The French may have been tired, but they were determined. They started extra time in control, creating great chances that they couldn’t finish. Nothing was more frustrating for French fans than in the 117th minute, when the ball was crossed to Gaetane Thiney. She was one-on-one with the keeper, but an awkward bounce off her leg caused the ball to go out of bounds.
You could feel the energy of that match through the TV screen. Everyone was tired. But they continued to play their hearts out, as physical as they had been in the opening minutes. Claire Lavogez dove for a header and flipped over a German player’s back, landing in a painful position but she got up. In extra time, Kheira Hamraoui took an elbow to the face and earned herself a gruesome bloody nose. She had to step onto the sidelines, but she just told them to stop the bleeding and get her a new kit so she could get back onto the pitch.

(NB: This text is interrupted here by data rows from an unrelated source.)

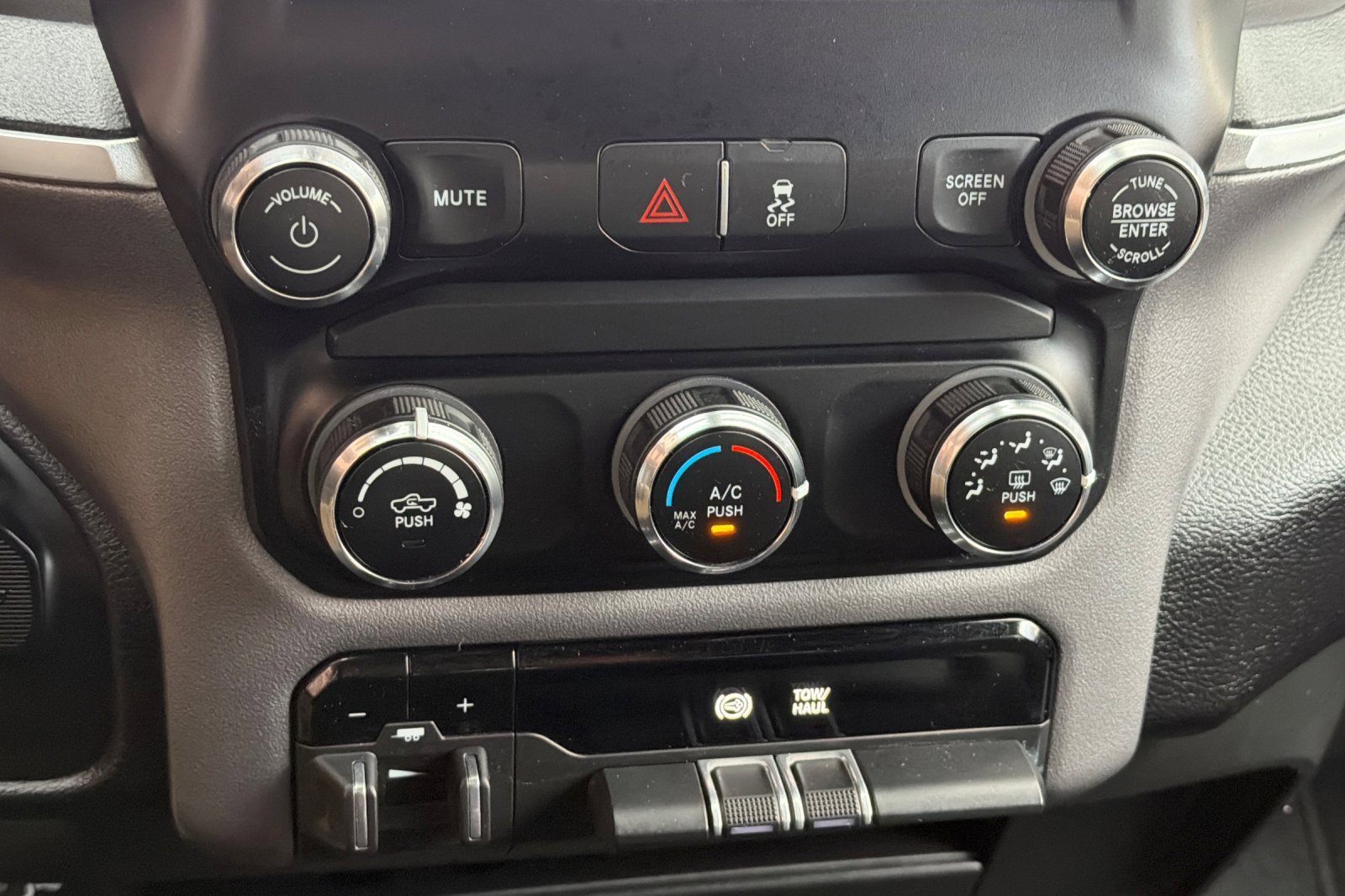 Used 2024 RAM 2500 Big Horn image 19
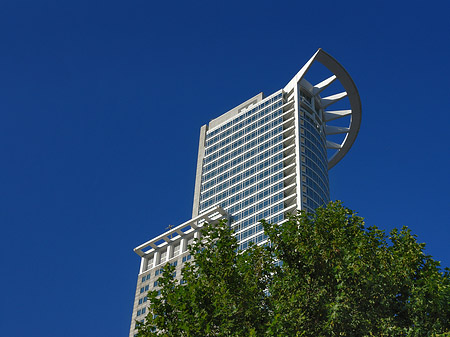 Westendtower mit Baum Fotos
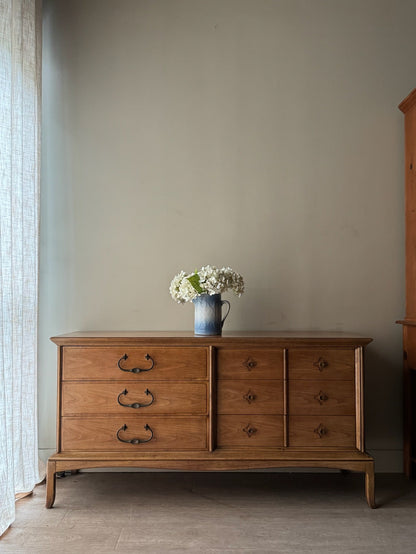 Thomasville Horizon oak 6 drawer dresser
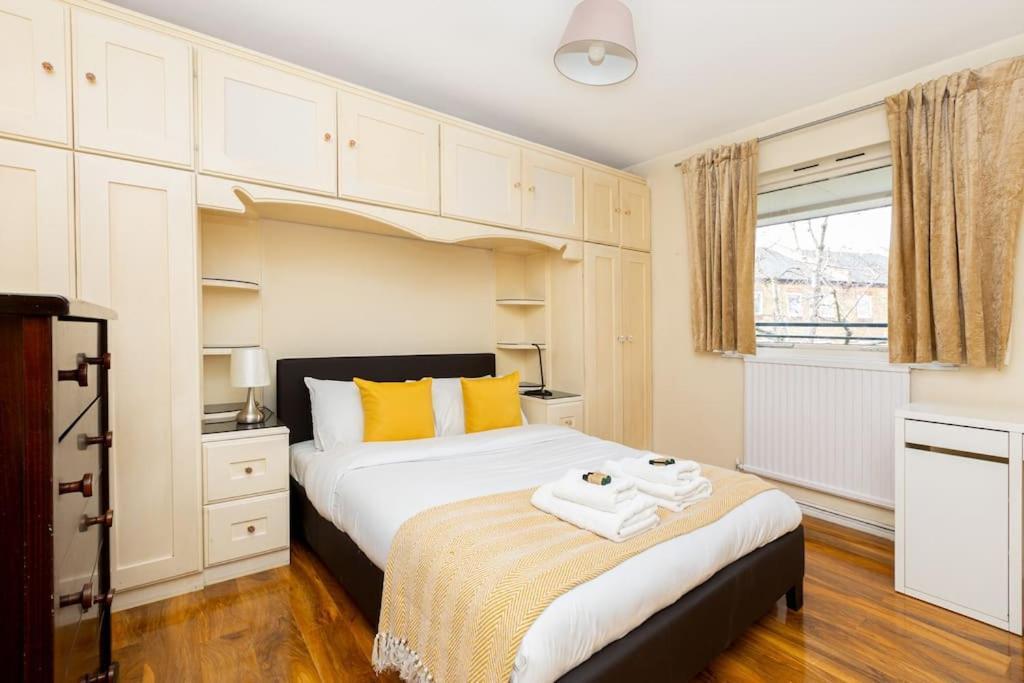 Spacious 4br With Large Balcony Londres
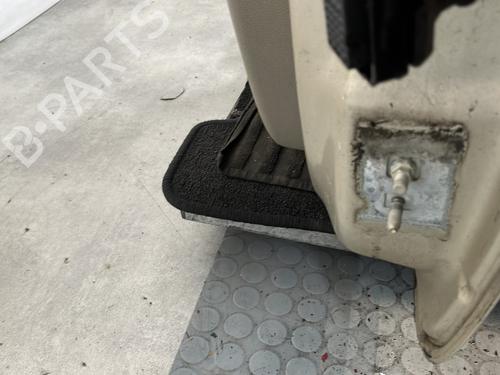 Left front door RENAULT CLIO III (BR0/1, CR0/1) 1.5 dCi (BR17, CR17) | BP29841700C2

At the end of 120 minutes, it was still 1-1. The match went to penalty kicks—the worst ending to such a beautiful match of soccer.
In 2015, both France and Germany had some of the best strikers in the world. Their skill would be on display in this penalty set. Penalties were taken by the likes of Celia Sasic and Melanie Behringer for Germany, Louisa Necib and Camille Abily for France. In the end, it was 5-4, with only Claire Lavogez left to kick for France.
A bit of context about Claire Lavogez—she’s young. When she played this match, she had just turned 21. She hadn’t received much time with the senior national team prior to the tournament, but had emerged as one of the most talented young midfielders on France’s roster. She had impressed a lot of people, clearly enough to earn her the final penalty kick in this match.
At first, she just walked off. The German team stormed the pitch, tackling Nadine Angerer with pure joy. No one doubted the power of the United States, but many thought the toughest match of the tournament may have been behind them. It wasn’t an easy road ahead, but there is nothing more hopeful than a chance.
Occasionally, they would show Lavogez amongst the celebrations. Her teammates comforting her or just laying out on the pitch, crying. Jessica Houara was the first person to hug Lavogez. Lavogez bit down on her jersey, clenching her teeth and trying not to break down. They flashed to her later, cradling her knees and crying while her teammates tried to console her. There were a lot of emotional moments in the Women’s World Cup, but this was one of the toughest to watch.
It was also the last World Cup match for many of the players that might be referred to as France’s Forgotten Generation. World-class players like Camille Abily, Louisa Necib, and Elodie Thomis would never play in a World Cup match again. And they would finish their international careers without a trophy or a medal to take home to their country.
It wasn’t enough, but this much was clear: they had given their all.